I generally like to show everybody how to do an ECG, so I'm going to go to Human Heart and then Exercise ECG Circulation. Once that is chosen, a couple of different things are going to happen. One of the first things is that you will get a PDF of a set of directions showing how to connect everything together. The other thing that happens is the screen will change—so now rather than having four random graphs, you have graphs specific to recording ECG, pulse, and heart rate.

◆ ◆ ◆ ◆

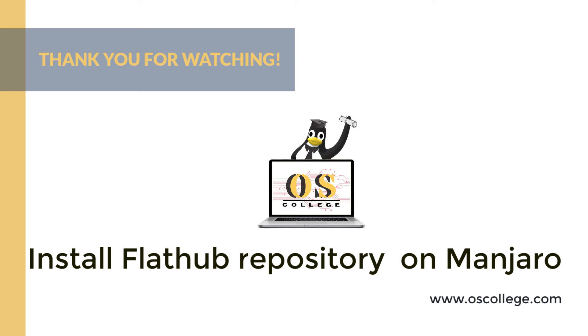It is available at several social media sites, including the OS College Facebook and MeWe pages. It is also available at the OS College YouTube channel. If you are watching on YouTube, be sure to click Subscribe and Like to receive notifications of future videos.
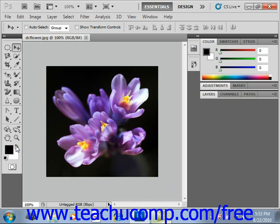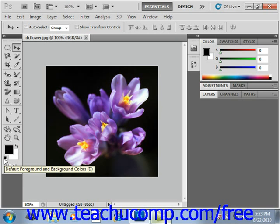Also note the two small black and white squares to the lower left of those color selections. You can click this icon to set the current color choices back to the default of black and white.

◆ ◆ ◆ ◆

Exercise prompt: Only the lines between the one with "It is available" and the one with "Also note the", those two included, get copied from the material above. Keep it exact and free of pictures.

Answer space:
It is available at several social media sites, including the OS College Facebook and MeWe pages. It is also available at the OS College YouTube channel. If you are watching on YouTube, be sure to click Subscribe and Like to receive notifications of future videos.
Also note the two small black and white squares to the lower left of those color selections. You can click this icon to set the current color choices back to the default of black and white.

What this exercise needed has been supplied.